Across the border, the solution reveals itself each dawn in Senegal’s Thiès region, where Fatou Binetou Diop walks past her half-built solar irrigation system to join women sorting heirloom seeds. Their hands move in practised rhythm—the same rhythm that taught them to predict rains by the flowering of desert roses and to restore degraded soil with compost their grandmothers perfected.

“What we build survives,” Fatou says, running a calloused finger along a seedling’s fragile stem. “The wells NGOs dug last year already ran dry. But these drought-resistant millet varieties? They’ll feed families when the rains fail again.”

The models exist where policy meets ancestral wisdom: In Senegal’s Casamance region, Mariama Sonko’s women’s collective increased crop yields by half after securing direct funding to expand their biofertiliser production. Near Lake Chad, when a climate programme finally put resources in women’s hands, they restored 200 hectares of degraded land in one planting season – using techniques their mothers taught them.

“They fly in consultants who tell us to farm differently,” Mariama says, watching a girl climb a mango tree to gather leaves for natural pest control.

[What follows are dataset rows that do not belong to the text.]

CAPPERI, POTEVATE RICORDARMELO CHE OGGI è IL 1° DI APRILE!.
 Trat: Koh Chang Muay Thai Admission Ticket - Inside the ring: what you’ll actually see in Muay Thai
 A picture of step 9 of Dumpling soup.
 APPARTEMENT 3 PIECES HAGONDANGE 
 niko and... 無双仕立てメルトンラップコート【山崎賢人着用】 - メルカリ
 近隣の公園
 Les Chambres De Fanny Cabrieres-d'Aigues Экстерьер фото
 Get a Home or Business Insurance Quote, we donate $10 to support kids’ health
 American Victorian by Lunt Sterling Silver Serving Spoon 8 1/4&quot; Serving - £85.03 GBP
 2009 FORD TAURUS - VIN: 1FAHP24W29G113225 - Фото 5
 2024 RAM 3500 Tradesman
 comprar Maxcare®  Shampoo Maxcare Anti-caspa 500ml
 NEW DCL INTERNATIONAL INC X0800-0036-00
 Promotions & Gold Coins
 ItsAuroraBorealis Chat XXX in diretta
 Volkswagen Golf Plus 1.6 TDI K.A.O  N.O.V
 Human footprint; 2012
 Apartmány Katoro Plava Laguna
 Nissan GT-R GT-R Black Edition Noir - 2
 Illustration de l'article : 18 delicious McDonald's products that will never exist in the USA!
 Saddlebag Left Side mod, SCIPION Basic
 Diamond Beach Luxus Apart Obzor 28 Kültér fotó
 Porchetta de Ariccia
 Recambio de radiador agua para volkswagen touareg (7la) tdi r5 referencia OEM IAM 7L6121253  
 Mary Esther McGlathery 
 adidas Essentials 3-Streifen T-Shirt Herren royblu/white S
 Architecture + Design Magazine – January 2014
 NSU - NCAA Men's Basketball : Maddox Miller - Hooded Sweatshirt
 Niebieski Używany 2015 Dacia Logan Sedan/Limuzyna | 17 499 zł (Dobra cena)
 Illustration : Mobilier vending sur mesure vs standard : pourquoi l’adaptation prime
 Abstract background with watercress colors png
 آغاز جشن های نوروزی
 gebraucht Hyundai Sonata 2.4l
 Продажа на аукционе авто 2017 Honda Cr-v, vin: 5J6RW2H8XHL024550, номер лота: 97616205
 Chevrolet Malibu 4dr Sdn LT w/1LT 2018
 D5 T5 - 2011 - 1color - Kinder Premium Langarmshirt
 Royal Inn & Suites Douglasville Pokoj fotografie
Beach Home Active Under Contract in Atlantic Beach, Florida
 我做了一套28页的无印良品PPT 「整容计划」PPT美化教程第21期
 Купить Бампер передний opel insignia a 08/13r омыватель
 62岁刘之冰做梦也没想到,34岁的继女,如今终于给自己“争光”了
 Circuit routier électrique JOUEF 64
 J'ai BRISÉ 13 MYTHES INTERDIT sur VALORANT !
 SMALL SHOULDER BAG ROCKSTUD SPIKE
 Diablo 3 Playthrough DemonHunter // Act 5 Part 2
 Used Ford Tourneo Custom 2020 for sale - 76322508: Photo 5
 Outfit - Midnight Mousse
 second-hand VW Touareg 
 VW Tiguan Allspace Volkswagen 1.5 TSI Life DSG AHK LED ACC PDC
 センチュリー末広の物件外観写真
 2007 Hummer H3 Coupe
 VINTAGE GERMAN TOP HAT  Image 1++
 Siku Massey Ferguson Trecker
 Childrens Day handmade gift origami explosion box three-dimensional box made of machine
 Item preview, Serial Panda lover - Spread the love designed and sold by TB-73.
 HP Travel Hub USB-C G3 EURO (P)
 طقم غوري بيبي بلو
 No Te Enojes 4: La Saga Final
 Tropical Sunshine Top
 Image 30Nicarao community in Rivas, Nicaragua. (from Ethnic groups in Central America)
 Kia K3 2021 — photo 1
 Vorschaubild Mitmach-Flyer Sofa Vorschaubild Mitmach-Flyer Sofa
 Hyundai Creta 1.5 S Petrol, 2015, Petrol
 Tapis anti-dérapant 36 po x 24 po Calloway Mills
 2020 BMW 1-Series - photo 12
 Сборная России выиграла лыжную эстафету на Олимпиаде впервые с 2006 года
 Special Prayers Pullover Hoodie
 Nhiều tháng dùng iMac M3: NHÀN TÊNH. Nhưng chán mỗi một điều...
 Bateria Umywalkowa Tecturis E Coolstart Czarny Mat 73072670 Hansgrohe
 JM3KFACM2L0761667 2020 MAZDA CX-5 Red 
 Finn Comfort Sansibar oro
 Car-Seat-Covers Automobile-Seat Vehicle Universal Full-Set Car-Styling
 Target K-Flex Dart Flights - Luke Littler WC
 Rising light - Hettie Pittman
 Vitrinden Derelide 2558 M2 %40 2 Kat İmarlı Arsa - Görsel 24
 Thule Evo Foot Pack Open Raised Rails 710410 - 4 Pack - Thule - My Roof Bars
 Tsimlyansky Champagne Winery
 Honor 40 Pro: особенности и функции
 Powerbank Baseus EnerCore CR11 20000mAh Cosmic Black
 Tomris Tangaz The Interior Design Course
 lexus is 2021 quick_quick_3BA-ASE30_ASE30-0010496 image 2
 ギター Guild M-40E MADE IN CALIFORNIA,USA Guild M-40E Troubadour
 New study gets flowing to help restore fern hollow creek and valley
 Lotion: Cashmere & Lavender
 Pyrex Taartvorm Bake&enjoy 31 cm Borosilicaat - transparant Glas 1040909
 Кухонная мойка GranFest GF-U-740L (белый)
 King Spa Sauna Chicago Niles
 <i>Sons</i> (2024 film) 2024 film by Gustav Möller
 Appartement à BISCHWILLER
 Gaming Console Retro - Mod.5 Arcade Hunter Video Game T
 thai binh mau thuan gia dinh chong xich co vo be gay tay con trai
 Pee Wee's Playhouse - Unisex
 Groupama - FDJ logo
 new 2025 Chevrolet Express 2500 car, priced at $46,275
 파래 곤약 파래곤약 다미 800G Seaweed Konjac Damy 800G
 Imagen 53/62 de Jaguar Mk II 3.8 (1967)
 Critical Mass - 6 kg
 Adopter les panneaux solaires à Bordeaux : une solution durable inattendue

“We don’t need lectures. We need what any farmer needs: tools, land rights, and money that doesn’t get stolen on the way down.”

A Future Already Growing
Rural African women aren’t waiting for salvation. They’re building it seed by seed, hectare by hectare, with knowledge as deep as the roots of a baobab tree. When given direct access to climate funds, they don’t just file reports; they plant trees that outlive donor cycles, train their daughters to become smarter farmers, and turn subsistence plots into thriving cooperatives.

The math is simple: the women feeding Africa today can cool the continent tomorrow if the world finally pays its tab. To exclude them from climate finance is to shoot ourselves in the foot when it comes to a just transition. It’s sabotaging solutions that already exist in the hands of the women who feed Africa.

“We don’t need more reports—we need money in our hands,” says Mariama Sonko. “The women feeding Africa are ready. Is the world ready to listen?”